# Work instructions
With the pictures removed, retype the lines from the one holding "R36DJS-581S BP Datejust" through the end of the records, exactly as written.

# Material provided
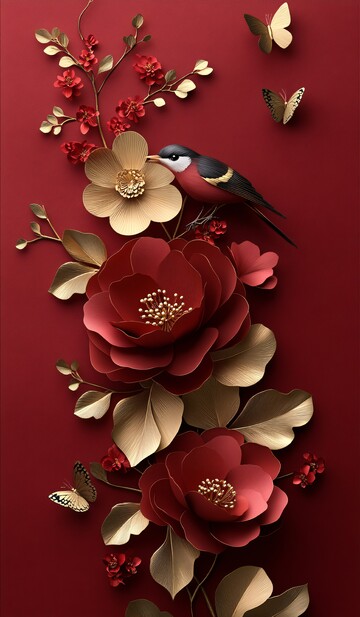 新年喜庆牡丹壁纸2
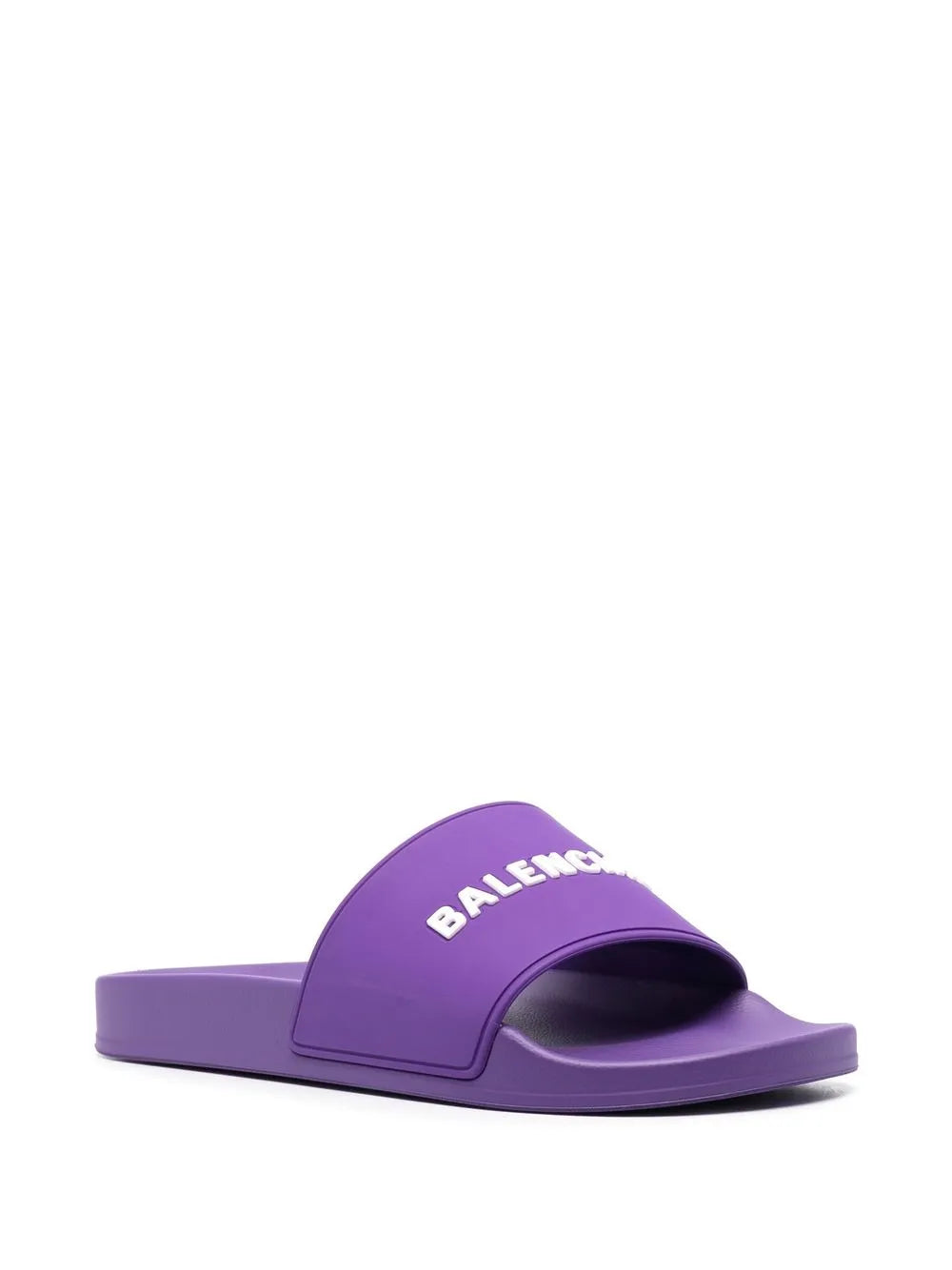 Balenciaga logo-print pool slides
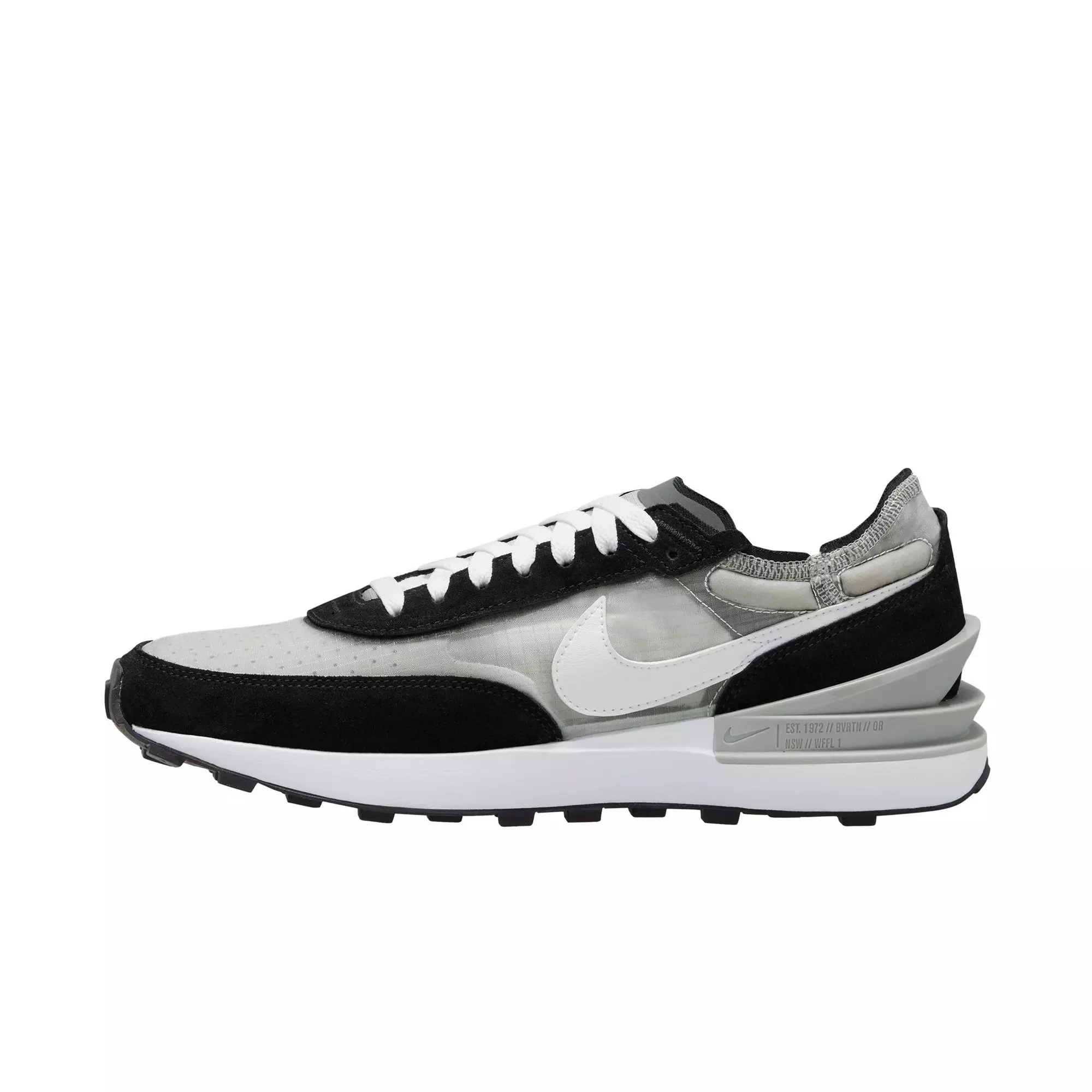 Nike Waffle One SE "Grey Fog/Black/White" Men's Shoe - GREY/BLACK/WHITE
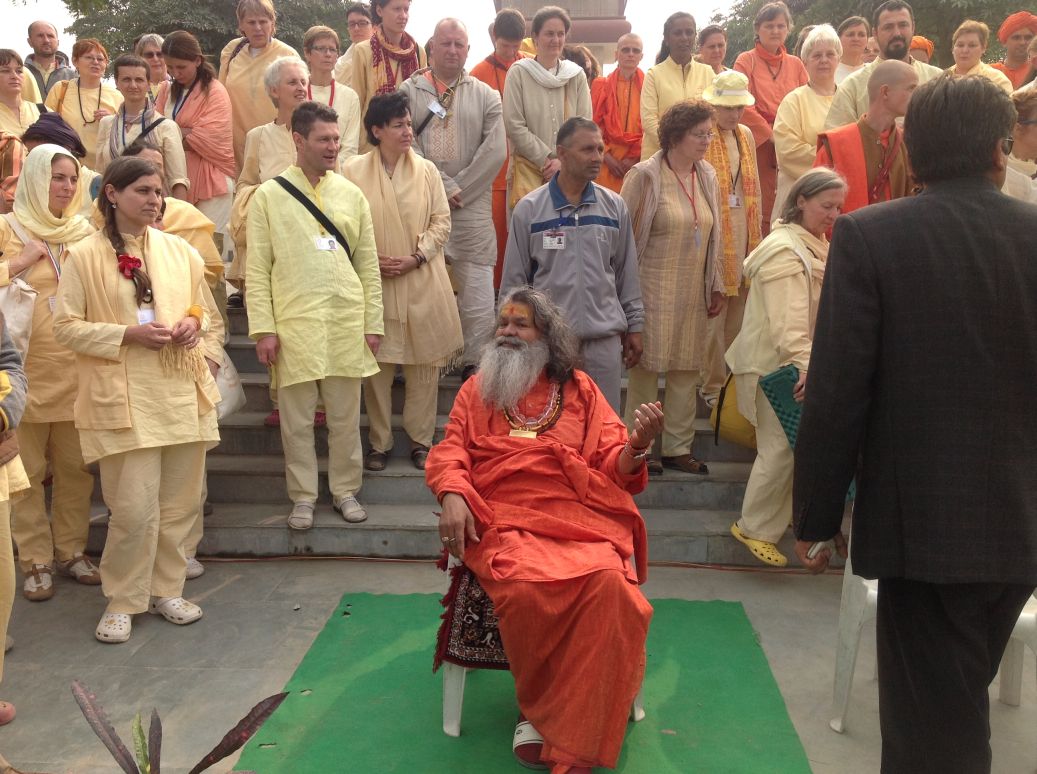 seating with bhaktas seating with bhaktas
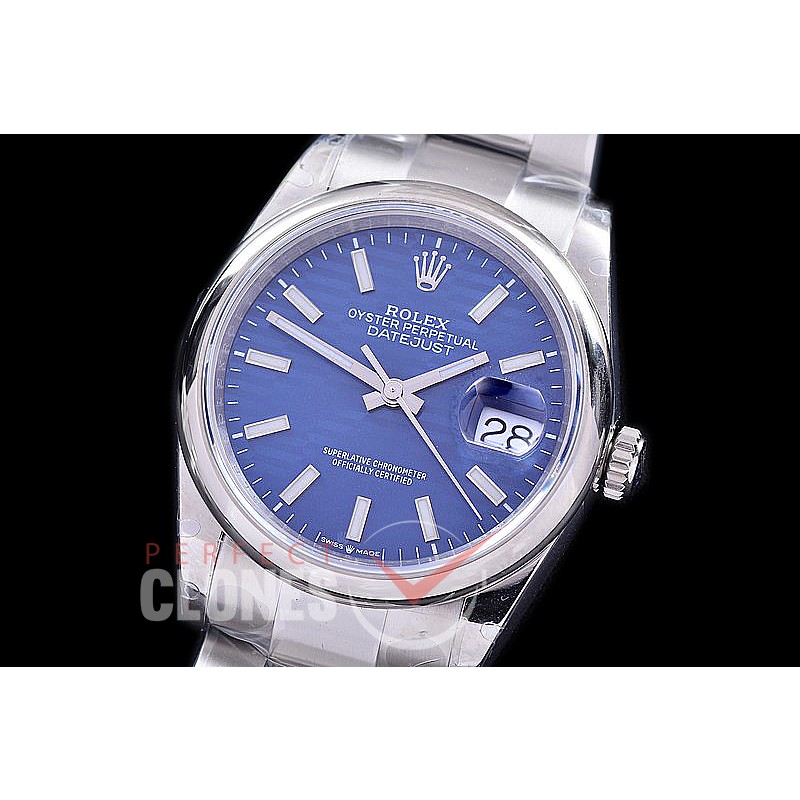 R36DJS-581S BP Datejust 36 126234 SS/SS Smooth/Oyster 2021 Blue Fluted Sticks A-2824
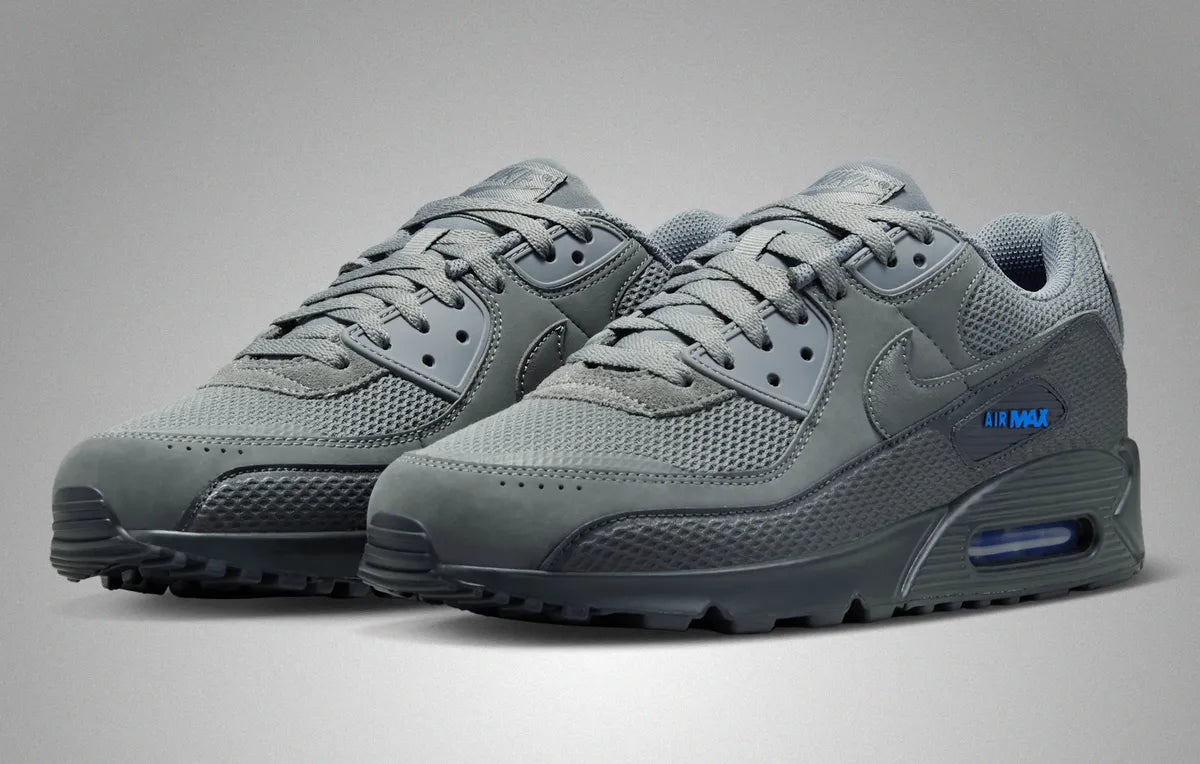 Nike Air Max 90 Premium Smoke im5759-002 Grey Blue Crystal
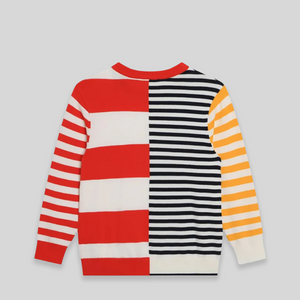 Kenzo Kids Color Block Multi-Stripe Knit Sweater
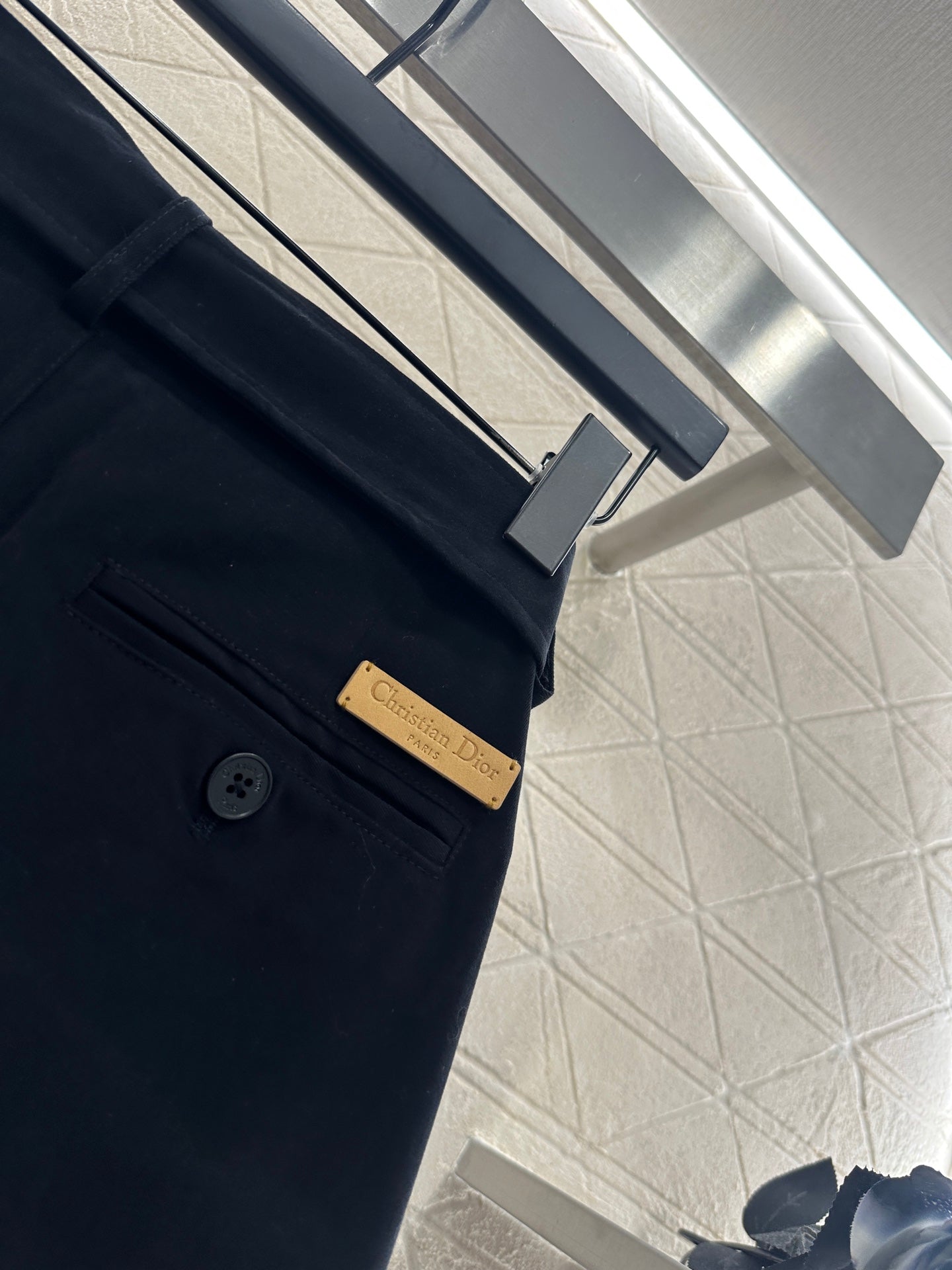 25fw Belt wide leg pants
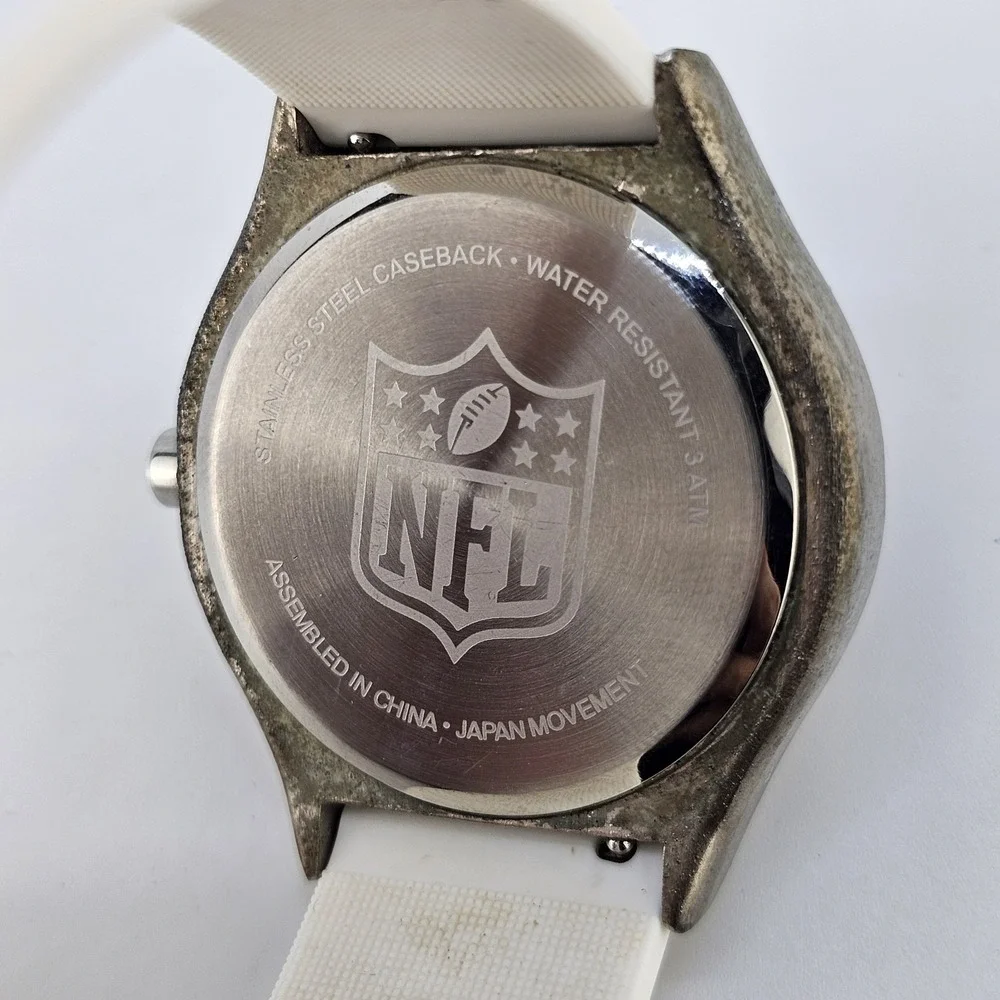 Houston Texans NFL Men's Watch 40MM Black Dial White Plastic Bands New Battery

# Task answer
 R36DJS-581S BP Datejust 36 126234 SS/SS Smooth/Oyster 2021 Blue Fluted Sticks A-2824
 Nike Air Max 90 Premium Smoke im5759-002 Grey Blue Crystal
 Kenzo Kids Color Block Multi-Stripe Knit Sweater
 25fw Belt wide leg pants
 Houston Texans NFL Men's Watch 40MM Black Dial White Plastic Bands New Battery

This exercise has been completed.